### ABOUT THIS TASK
The records that follow need to be printed exactly. Leave out each image.

### MATERIALS PROVIDED

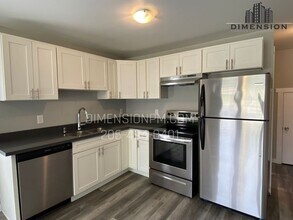 4832 S L St, Unit 1 in Tacoma, WA - Foto de edificio - Building Photo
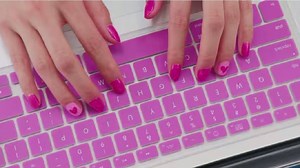 Sally Hansen on Reels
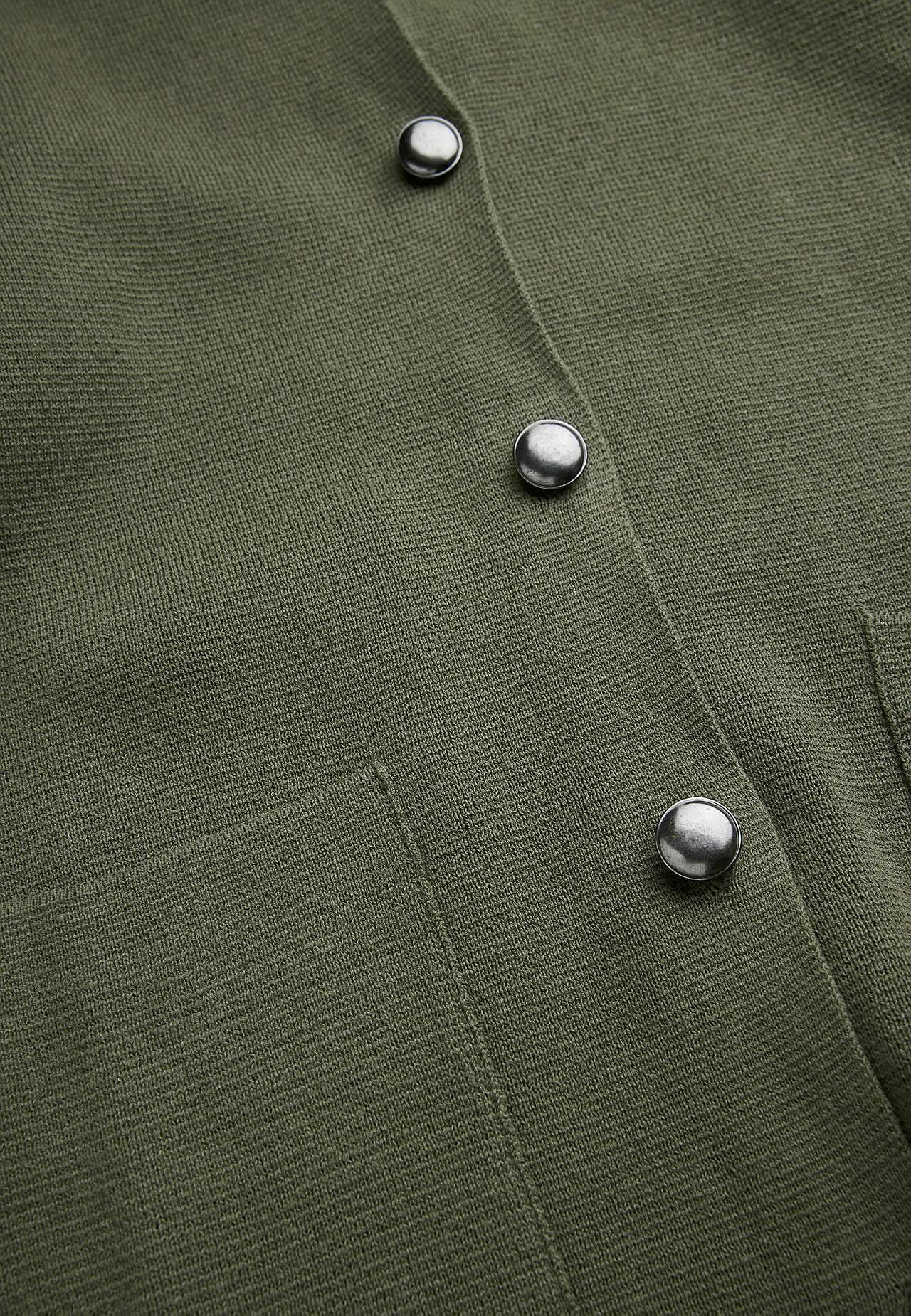 Cardigan mit Knöpfen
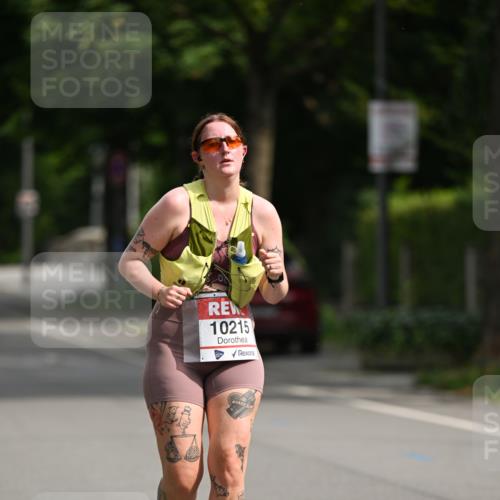15.06.2025 - REWE Women's Run Dr. Thomas Lammeyer http://msf.ph/oto/7966650 15.06.2025 09:54:07 Laufen 10215 meine-sportfotos.de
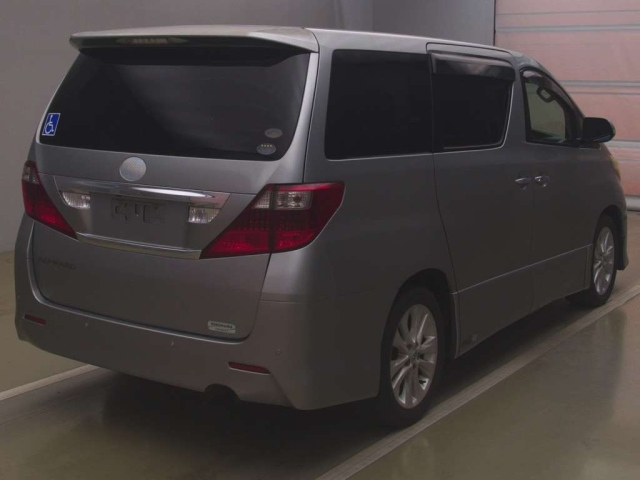 TOYOTA ALPHARD 2009
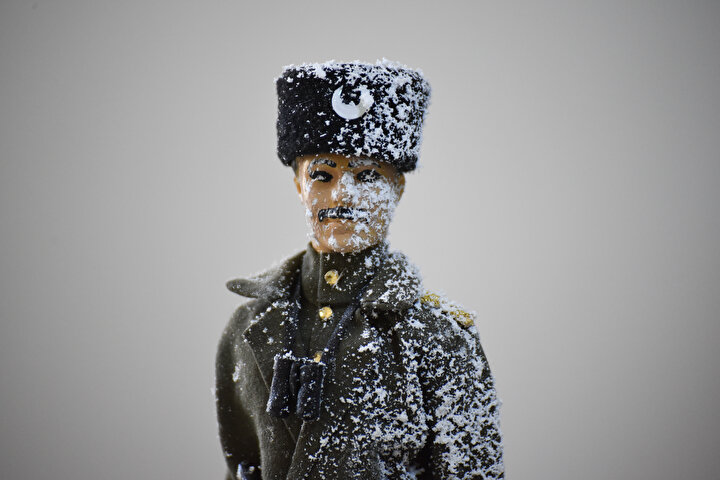 Bir yıl araştırma yaptığı konuyu bir yıl boyunca da el emeğiyle işleyen Erdoğan, Enver Paşa ve bazı subaylar ile asker figürlerinin yer aldığı eserini, Kars'ın Sarıkamış ilçesinde 6-8 Ocak'ta düzenlenecek harekatın 108. yılında anma etkinliklerinde sergileyecek.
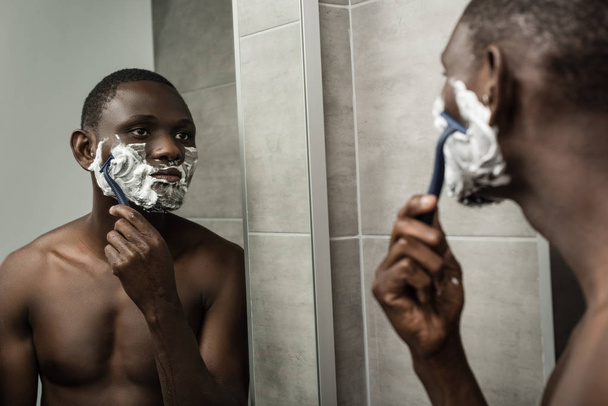borotválkozás gondolkodó afro-amerikai ember - Fotó, kép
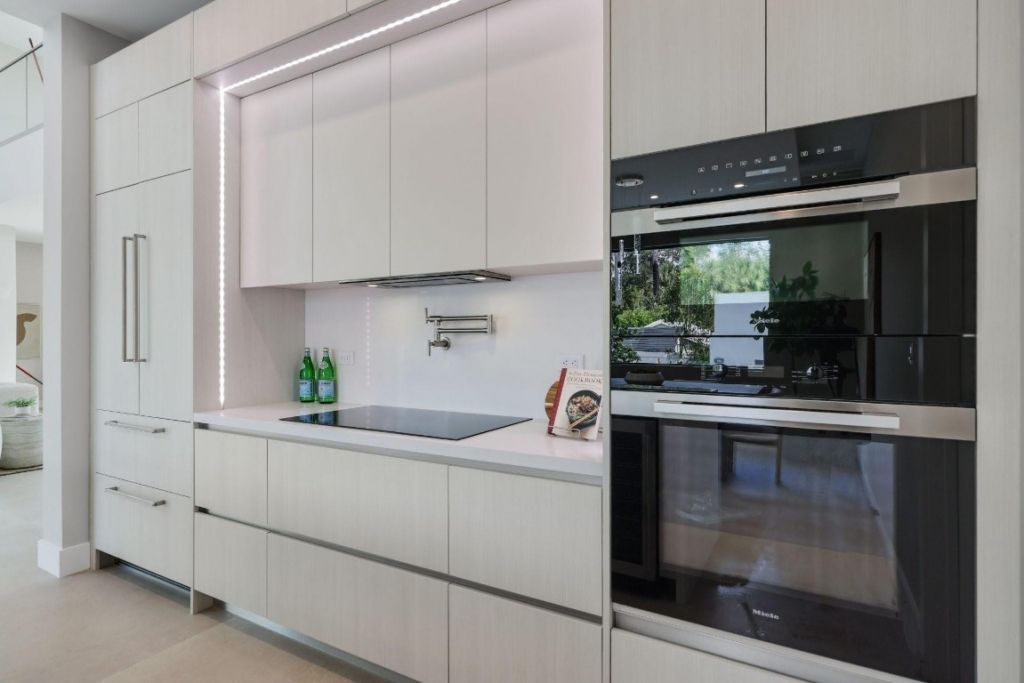 2015 NE 4th Ave, Wilton Manors, FL 33305 Photo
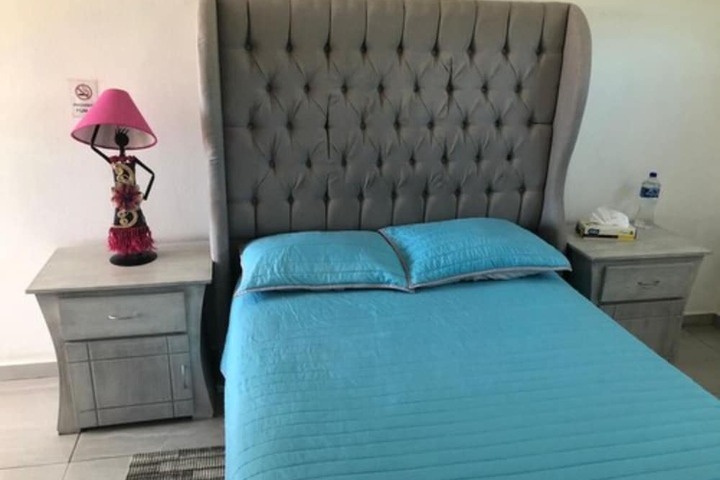 Room 11 of 30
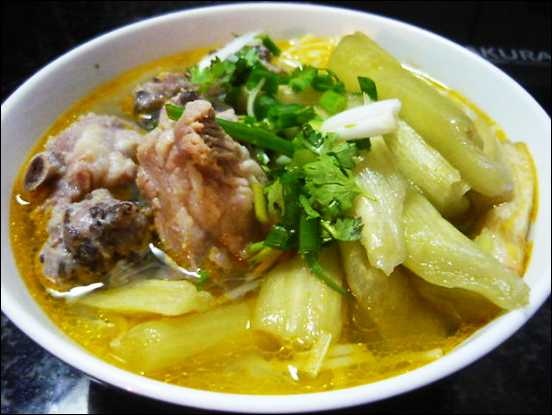 An bun doc mung, co gai 20 tuoi chet khong kip trang troi hinh anh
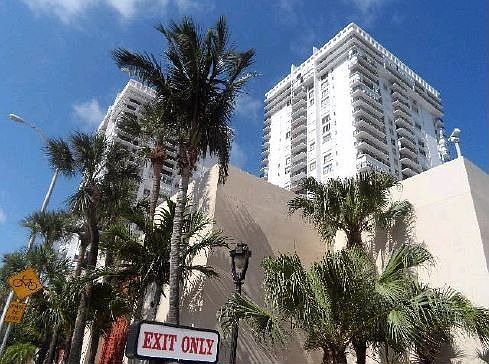 3rd image of 2201 S Ocean Dr APT 2705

### RESPONSE FOR THIS EXERCISE
 4832 S L St, Unit 1 in Tacoma, WA - Foto de edificio - Building Photo
 Sally Hansen on Reels
 Cardigan mit Knöpfen
15.06.2025 - REWE Women's Run Dr. Thomas Lammeyer http://msf.ph/oto/7966650 15.06.2025 09:54:07 Laufen 10215 meine-sportfotos.de
 TOYOTA ALPHARD 2009
 Bir yıl araştırma yaptığı konuyu bir yıl boyunca da el emeğiyle işleyen Erdoğan, Enver Paşa ve bazı subaylar ile asker figürlerinin yer aldığı eserini, Kars'ın Sarıkamış ilçesinde 6-8 Ocak'ta düzenlenecek harekatın 108. yılında anma etkinliklerinde sergileyecek.
borotválkozás gondolkodó afro-amerikai ember - Fotó, kép
 2015 NE 4th Ave, Wilton Manors, FL 33305 Photo
 Room 11 of 30
 An bun doc mung, co gai 20 tuoi chet khong kip trang troi hinh anh
 3rd image of 2201 S Ocean Dr APT 2705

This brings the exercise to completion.